Servem também para instruir, de forma simbólica, que os objetivos, quando definidos, devem ser buscados insistentemente em qualquer ação a que combatentes se predisponham encarar.
Os puxadores de canção sentem a disposição da tropa e a estimula em uma batida ritmada de pés e mãos. O líder do grupo vai à frente para controlar a passada e evitar que os menos capacitados fiquem para trás e não concluam a atividade junto com todo o grupo.
Lembro-me do tenente Brian (saudoso comandante de pelotão) correndo com a alunada pelas ladeiras do Jardim Chapadão, bairro de Campinas, São Paulo, na época em que eu cursava a Escola Preparatória de Cadetes do Exército (EspCEx).
Findo o impensável ano de 2020 — qualquer qualificação demeritória ainda será amena — e já nos primeiros dias de 2021 iniciamos, sociedade brasileira, uma corrida em forma.
Consideremos, figurativamente, que o Brasil é um pelotão que atravessou há pouco a linha de partida, os fogos de artifício do ano-novo (ainda bem, foram poucos), e saiu para uma longa e dura corrida de obstáculos sem definição da linha de chegada.
Sabemos que os puxadores da contagem estão desafinados e arrítmicos, e os líderes não se preocupam com a coesão, olvidando a retaguarda de sua tropa. Parecem correr sozinhos.
Portanto, estamos sem faróis a definir nossos rumos, desunidos emocionalmente e despreparados em organização.

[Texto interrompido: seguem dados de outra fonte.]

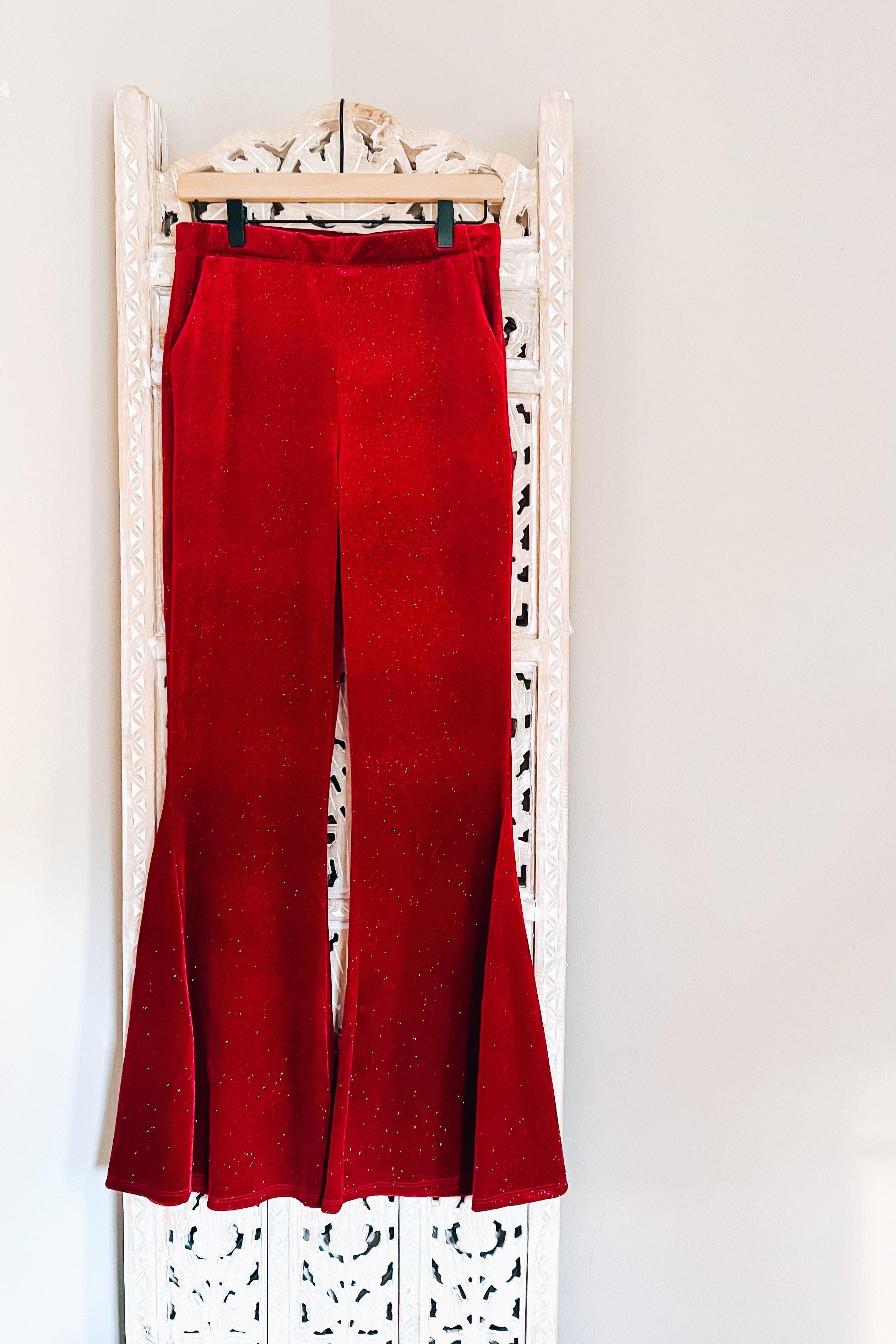 Ruby red velvet bell bottoms with subtle glitter accents hanging on carved white wooden hanger panel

Se assim persistir, enfrentaremos uma “Lurdinha” — temida metralhadora alemã empregada na Segunda Guerra Mundial — em um campo aberto semelhante àquele de Monte Castelo. Uma carnificina para nós, pracinhas contemporâneos.

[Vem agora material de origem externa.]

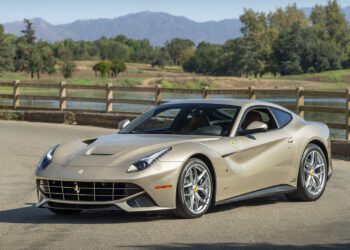 A beige Ferrari F12berlinetta 70th Anniversary Edition is parked on a paved road beside a wooden fence, with trees and mountains in the background, capturing a timeless scene worthy of Las Vegas 2025.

Na preparação para o concurso da Escola de Comando e Estado-Maior do Exército (ECEME), desafiador obstáculo acadêmico na carreira do oficial, havia um livro ao qual todos compulsávamos, cujo título era Espaços Geográficos (BIBLIEX - Tiago Castro de Castro).
A obra apresentava um passo a passo, ajudando a sistematizar as respostas às questões proposta pela banca examinadora. Treinava-nos a colocar no papel pautado o conhecimento adquirido nas muitas horas de preparação.
Digamos que nos fosse imposta uma questão da servidão citar: Considerando os campos do poder, quais os principais desafios a serem enfrentados pelo Brasil ao longo ano que se inicia?
É fácil esquematizar a tese. Os obstáculos são de conhecimento da maioria da população, que os sente na pele.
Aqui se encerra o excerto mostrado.